Information and inspiration for scleroderma patients and caregivers. Serving people in Illinois, Wisconsin and Indiana.
Have you thought about joining a support group? Curious about who the leaders are? We sat down with a few of the group leaders and asked them some questions to gain further insight into their group dynamic and some fun facts about themselves! The conversation begins with Edie Northfield in Naperville…..
How long have you been running the group?
I started the Naperville Group in October 2012 when it became apparent that no one else I knew could understand the changes that had taken place in my body or help me cope with the many aspects of this rare disease.
Number of people in your area that participate in the group?
We’ve had nearly 50 scleroderma patients attend meetings over the last year, some with their family members or friends. We average 10-12 people per meeting.
When and where does your group meet?
The Naperville group meets from 10am-noon on the second Saturday in January, March, May, July, September, and November. We meet at Grace United Methodist Church, 300 East Gartner Road in Naperville.
What do you love about your support group?
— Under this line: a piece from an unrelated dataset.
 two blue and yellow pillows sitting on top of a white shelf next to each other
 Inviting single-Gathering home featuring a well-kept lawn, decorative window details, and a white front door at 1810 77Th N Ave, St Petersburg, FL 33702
I love my group because scleroderma patients have a chance to talk to other patients who truly understand their seemingly unique body pains and dysfunctions. We no longer feel alone.
How does your group help and inspire each other?
We offer suggestions for making better food choices, find adaptive exercises, talk about ways to combat medicine side-effects, discuss medical tests, and more. We encourage each other to keep trying and not give up. Some of us have even become friends outside of the support group.
Tell us an interesting fact(s) about yourself.
I knit and crochet prayer shawl that my church donates to comfort others in distress. I also make quilts, love to travel, and I spend as much time as I can with my 7 feral cats.
Any words of advice for other patients and caregivers?
You know your body better than anyone else. If something doesn’t feel right, keep mentioning it to your doctor, or find another one, until you are satisfied that the proper outcome has been achieved.